Exhibit 3.8
NOMINATING/CORPORATE GOVERNANCE COMMITTEE CHARTER
Adopted by the Board of Directors of
DTS, Inc.
February 23, 2006
I. Purpose
The purpose of the Nominating/Corporate Governance Committee (the “Committee”) of the Board of Directors (the “Board”) of DTS, Inc. (the “Company”) is to identify and approve individuals qualified to serve as members of the Board, select director nominees for the next annual meeting of stockholders, evaluate the Board’s performance, develop and recommend to the Board corporate governance guidelines and provide oversight with respect to corporate governance and ethical conduct.
II. Composition
The Committee shall be composed of no less than three directors, as determined by the Board, each of whom shall meet the independence requirements of the Nasdaq National Stock Market.
III. Responsibilities
The Committee is charged by the Board with the responsibility to:
1. Identify individuals qualified to serve as members of the Board and approve all candidates for director to be nominated for election by the stockholders or to be elected by the Board.
2. Recommend to the Board directors for appointment to its committees and, as appropriate, recommend removal of directors from Board committees.
3. Recommend to the Board policies on Board composition and criteria for Board membership and continuation on the Board.
4. Cause to be prepared and recommend to the Board the adoption of corporate governance guidelines and periodically review and recommend changes to the corporate governance guidelines as appropriate.
5. Cause to be prepared and recommend to the Board the adoption of a code of ethics and business conduct and periodically review and recommend changes to the code of ethics and business conduct as appropriate.

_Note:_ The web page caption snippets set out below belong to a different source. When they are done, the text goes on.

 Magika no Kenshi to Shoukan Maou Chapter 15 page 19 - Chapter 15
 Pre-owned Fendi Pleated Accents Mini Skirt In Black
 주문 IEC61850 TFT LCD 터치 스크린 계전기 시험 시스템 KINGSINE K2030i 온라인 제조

6. Review periodically the compliance with and enforcement of the corporate governance guidelines and code of ethics and business conduct by the Company’s senior executives.

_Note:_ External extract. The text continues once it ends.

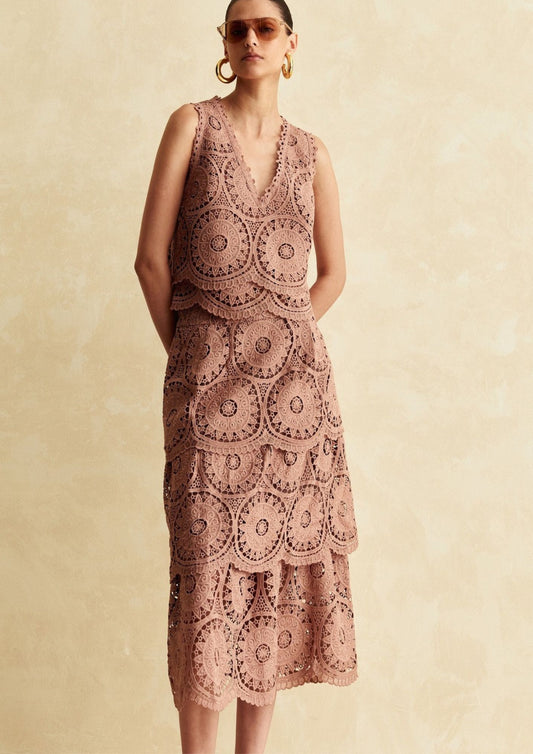 Conjunto mandala em camadas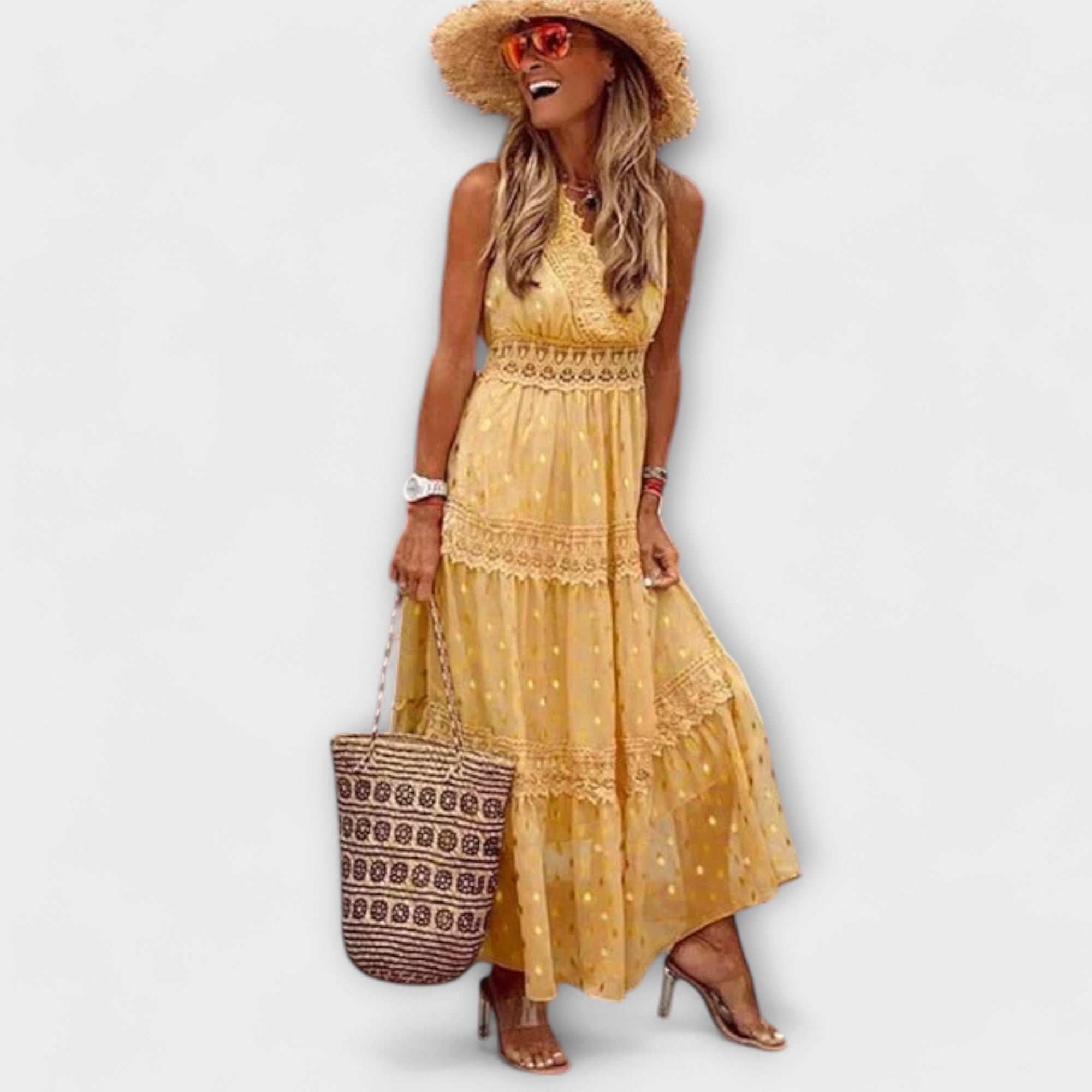 Lola | Boho csipkés maxiruha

7. Recommend to the Board as appropriate and oversee the conduct of any internal investigations of the conduct of senior executives of the Company other than an investigation commenced by the Audit Committee within the scope of the Audit Committee’s responsibilities.
8. Either conduct or oversee and administer an annual evaluation of the performance of the Board and discuss the evaluation with the full Board.
9. Provide minutes of Committee meetings to the Board, and report to the Board on any significant matters arising from the Committee’s work.
10. At least annually, review and reassess this Charter and, if appropriate, recommend proposed changes to the Board.
11. Make recommendations to the Board regarding issues of management succession.
IV. Authority
By adopting this Charter, the board of directors delegates to the Committee full authority to:
1. Perform each of the responsibilities of the Nominating Committee described above.
2. Appoint a chair of the Committee, unless a chair is designated by the Board.
3. Engage and terminate search firms, independent counsel and other advisers as the Committee determines necessary to carry out its responsibilities, and approve the fees and other retention terms of such search firms, independent counsel and other advisers. Compensation paid to such parties and related expenses will be borne by the Company and the Company will make appropriate funding available to the Committee for such purposes.
4. Obtain advice and assistance from internal legal or other advisors.